#### What to produce:
Beginning with the first entry, restate the data word for word and leave out the images.

* * * * *

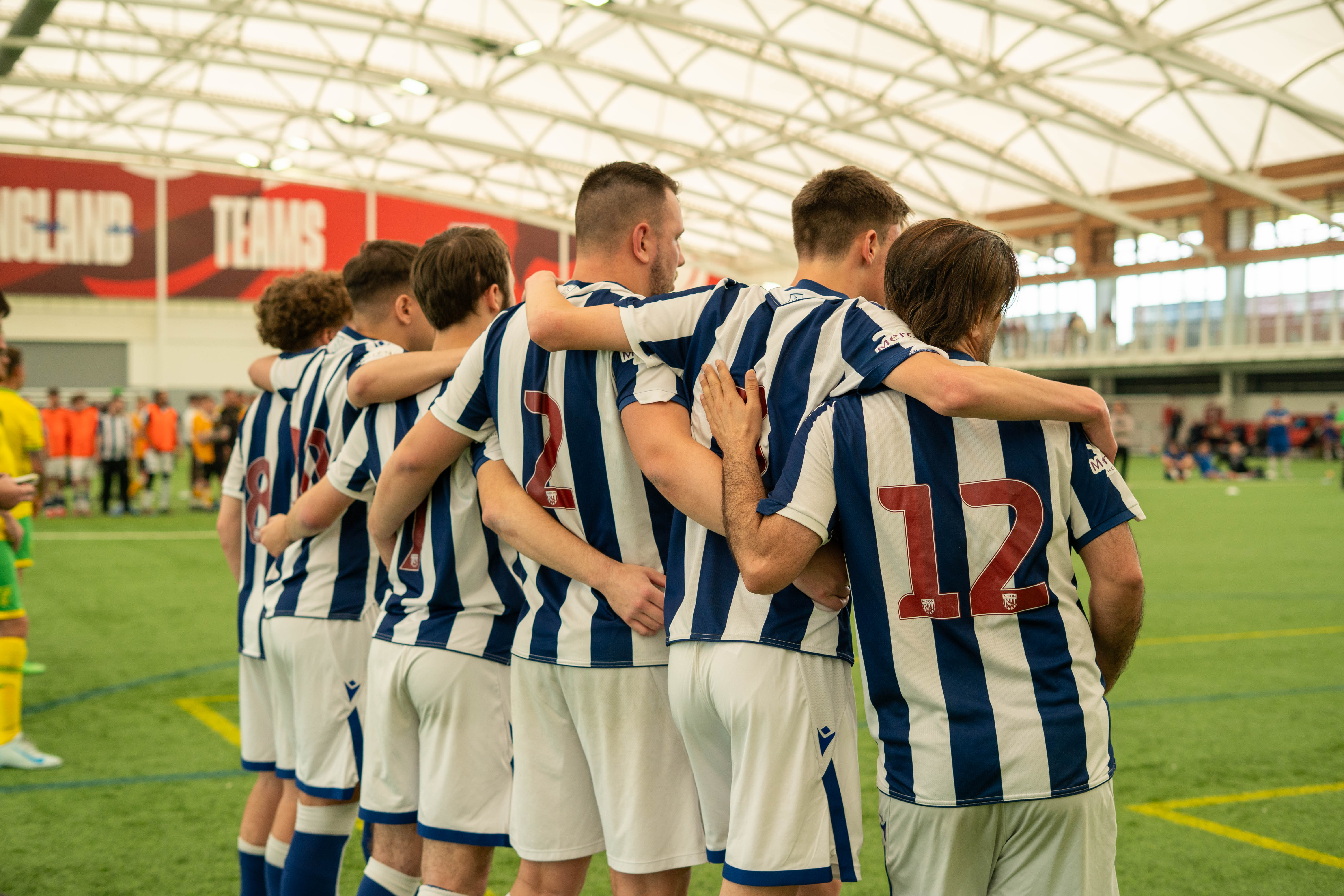 Backs for WBA Cerebral Palsy players arm in arm during penalty shootout.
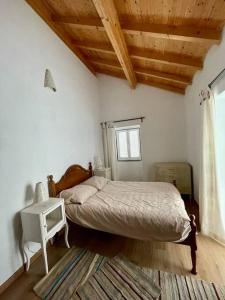 ein Schlafzimmer mit einem Bett und einer Holzdecke in der Unterkunft Casa do Moura in Arcos de Valdevez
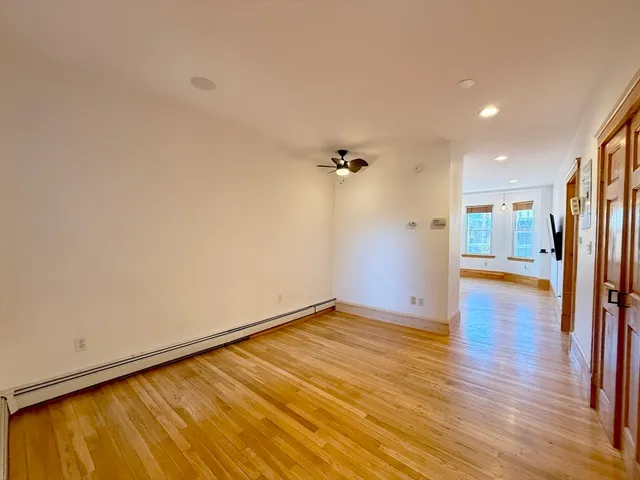 a view of a livingroom with wooden floor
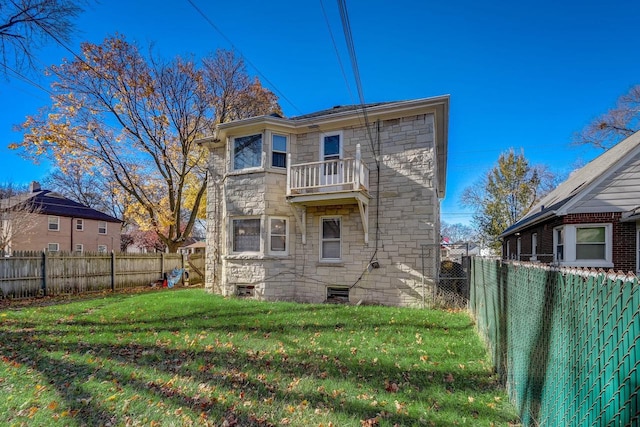 back of house with a balcony and a lawn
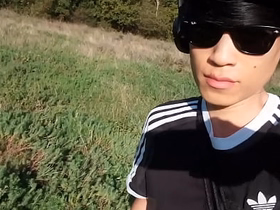 Jon Arteen pulls out his beautiful penis and urinates outdoors. Asian gay pornography featuring an effeminate young man. chinese gay porn 2022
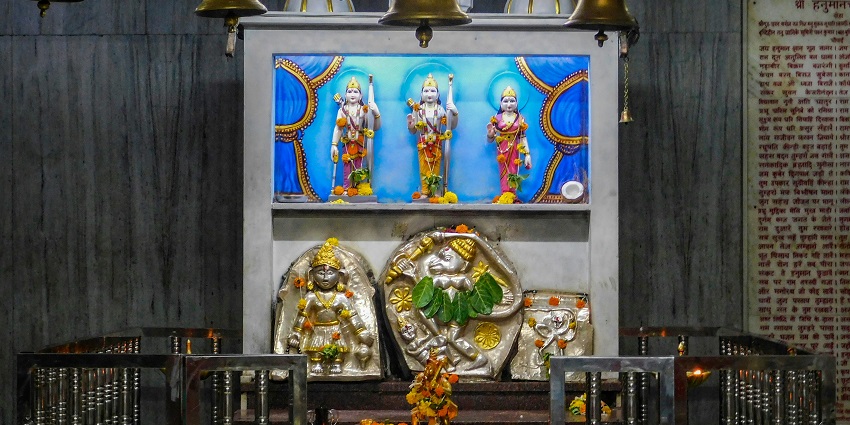 A shelf dedicated to lord hanuman and ram and bells hanging - hanuman temples in delhi.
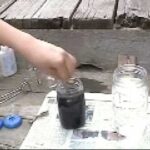 Close-up of hands using tongs to dye a yoyo half in a glass jar with colored liquid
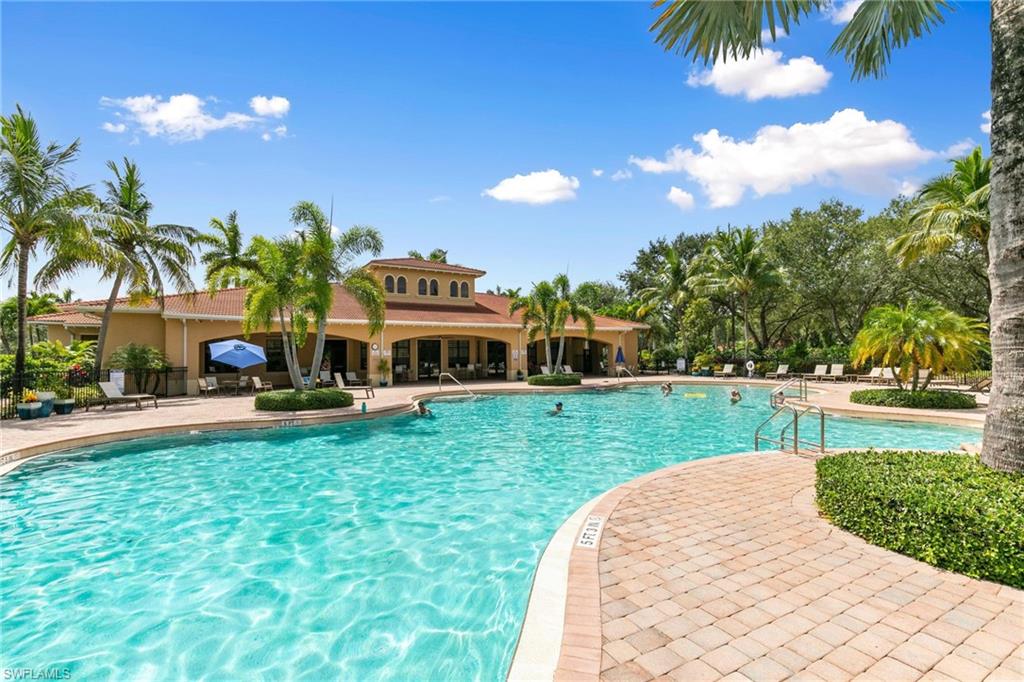 1473 Birdie Drive Naples, FL 34120 - Photo 42 of 50 a view of a house with a big yard and a garden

* * * * *

#### Answer box:
 Backs for WBA Cerebral Palsy players arm in arm during penalty shootout.
 ein Schlafzimmer mit einem Bett und einer Holzdecke in der Unterkunft Casa do Moura in Arcos de Valdevez
 a view of a livingroom with wooden floor
 back of house with a balcony and a lawn
 Jon Arteen pulls out his beautiful penis and urinates outdoors. Asian gay pornography featuring an effeminate young man. chinese gay porn 2022
 A shelf dedicated to lord hanuman and ram and bells hanging - hanuman temples in delhi.
 Close-up of hands using tongs to dye a yoyo half in a glass jar with colored liquid
 1473 Birdie Drive Naples, FL 34120 - Photo 42 of 50 a view of a house with a big yard and a garden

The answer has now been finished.